With cycle time, usually aren’t 80-90% within a tight band and the rest are the ones with special causes?

Any time someone is talking about cycle time in the context of a discussion about MCS, they are throwing more terminology in the mix when it’s simply not necessary. Cycle Time is not an input into MCS and anyone who thinks it is needs to re-read about MCS in the context of software development.

Coming back to the point raised, this is again a statement that we should be qualifying with real data. Take this teams cycle time data:

And put it into a PBC:

Here only 1 of the 30 (3%) data points is above our UNPL - nowhere near 10-20%. This is just one team, but we need to be extremely mindful about making generalisations without this being backed by data. 

Is MCS adding anything to software predictability?

This again is one where almost certainly there will never be agreement. There will never be consensus on what we mean by ‘predictability’, so to make the black and white statement of MCS not adding anything to software predictability feels unfair. 

There are still plenty of organisations who view predictability (and measure it as such) as say-do ratio, which we know is an incredibly naive take on software development. If you wanted something more objective, you could view predictability through the lens of a PBC, and argue that if we are within those UNPL/LNPL lines then we are in fact ‘predictable’ - but we know PBCs are quite daunting to get your head around and, as useful as they are, are still not used by so many organisations/practitioner in spite of what they show.

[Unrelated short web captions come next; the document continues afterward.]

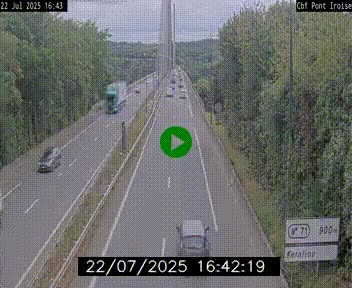 Webcam sur la N165 après le Pont de l'Iroise, à l'entrée de Brest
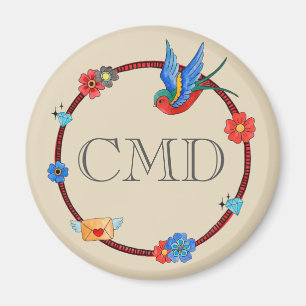 Aimant Boho Bluebird Monogramme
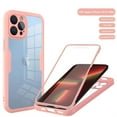 thumbnail image 1 of Designed for iPhone 14 Pro Case Full-Body Bumper Case Cover Built in Screen Protector Shockproof Transparent Back 360 Full Body Protective Case for iPhone 14 Pro, Deep Pink, 1 of 6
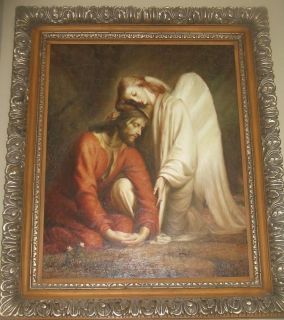 religious angel jesus christian catholic oil painting huge signed 6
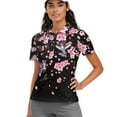thumbnail image 1 of COEQINE V Neck Golf Shirts for Women Soft Quick Dry Fit Workout Golf Tops Hummingbird and Cherry Blossom Black Print Short Sleeve Polo Shirts Pullover 1/4 Zip Athletic Tops, XS, 1 of 7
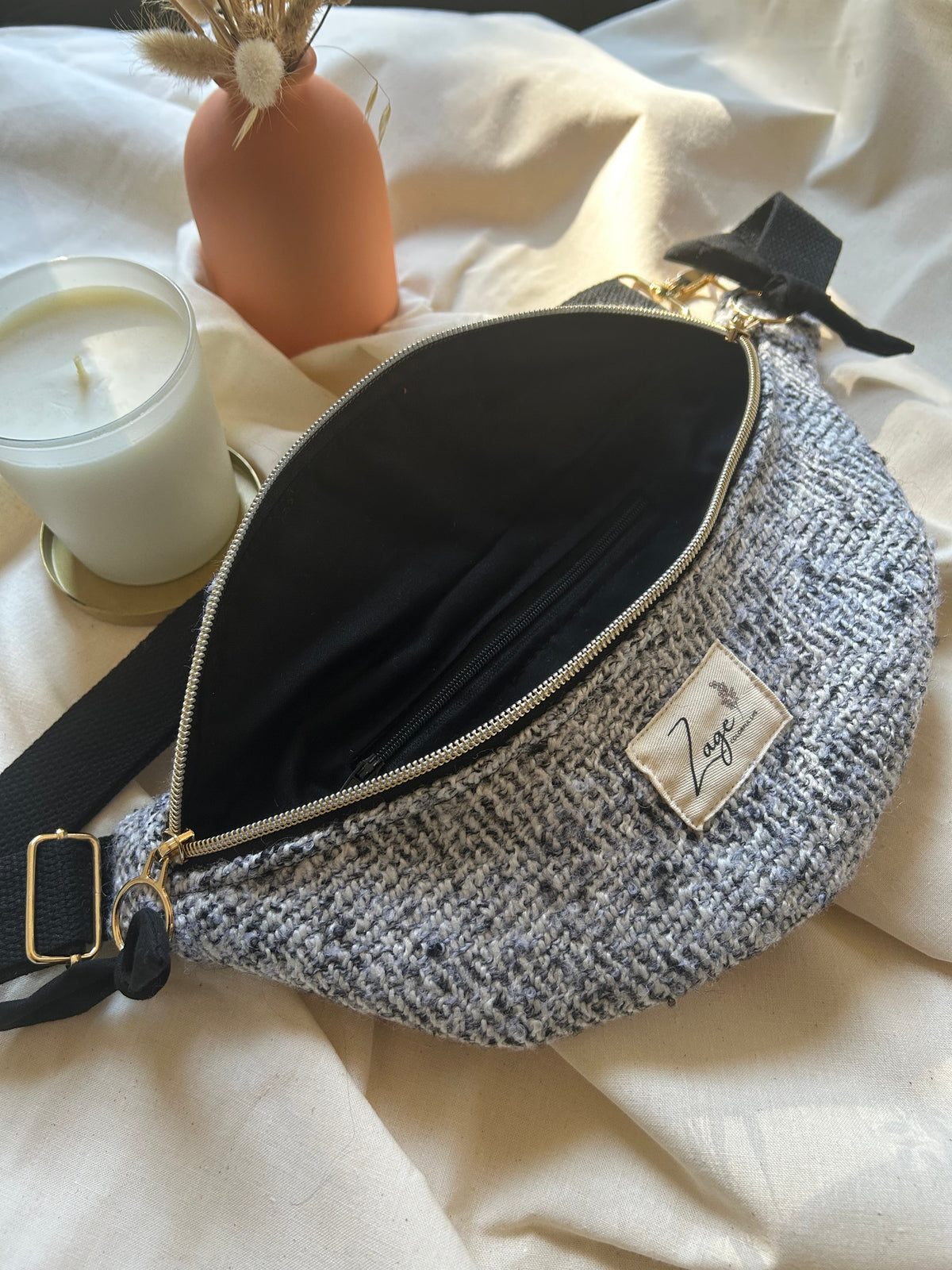 Sac banane femme hiver | Laine mélangée gris noir blanc & doublure noireSac Femme Zage Colorful Life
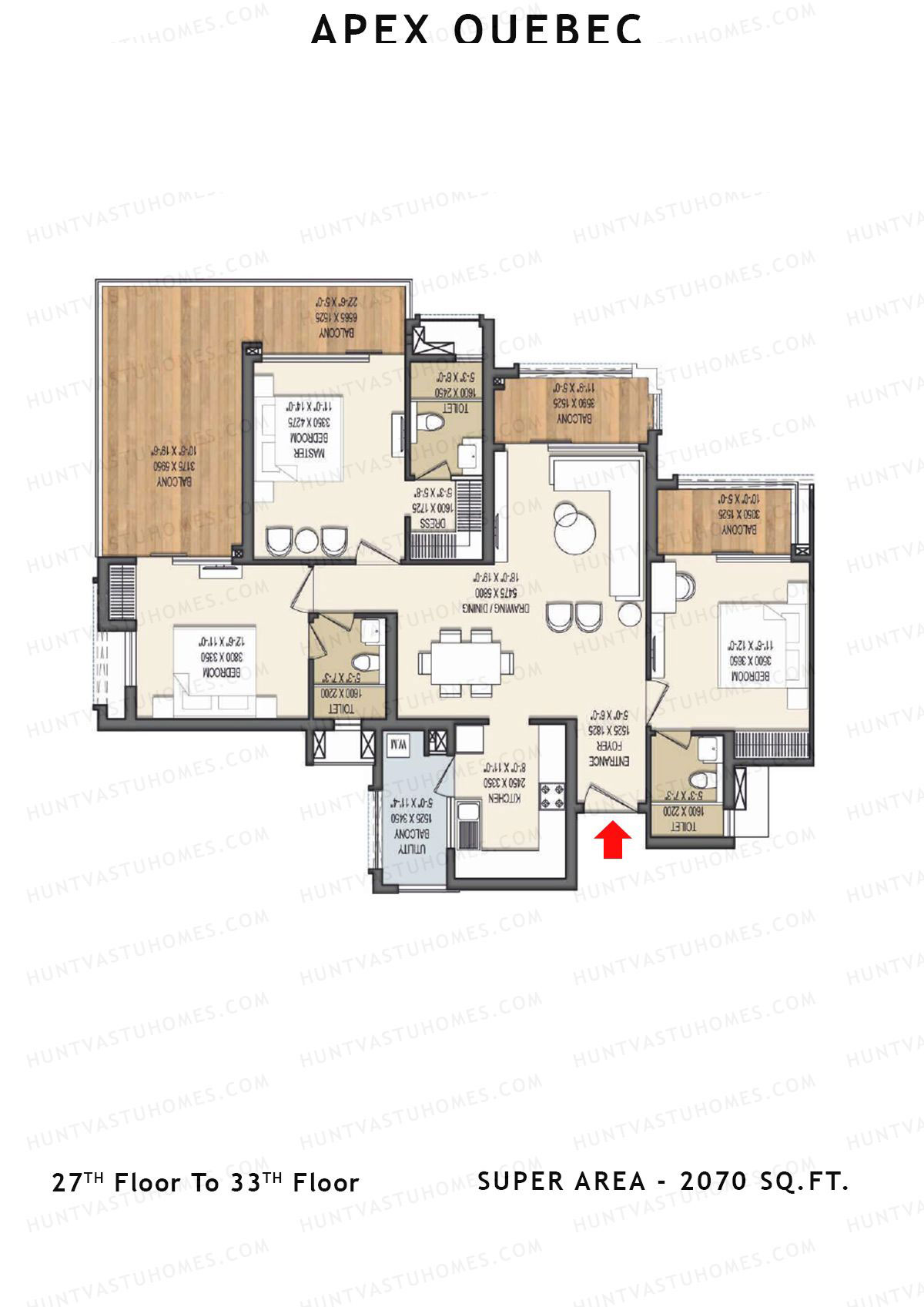Apex Quebec Tower E Unit 4 Floor Plan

When it comes to MCS, I believe it’s better to validate its impact/effectiveness through a series of questions:

Is it making us aware of variation and its impact in our process? Yes.

Is it helping everyone understand that there are a range of outcomes that can occur and the levers we can pull to change those? Yes.

Is it helping us better understand and communicate risk? Yes. 

Those might not fit your definition of ‘predictability’, but they certainly make the world of delivery of software easier. 

Ultimately, Monte Carlo Simulation is not about adding complexity for its own sake. It’s about helping us see uncertainty, model risk, and make better delivery commitments. If we reduce it to averaging, we miss its true value, and lose a powerful tool for managing the realities of software delivery.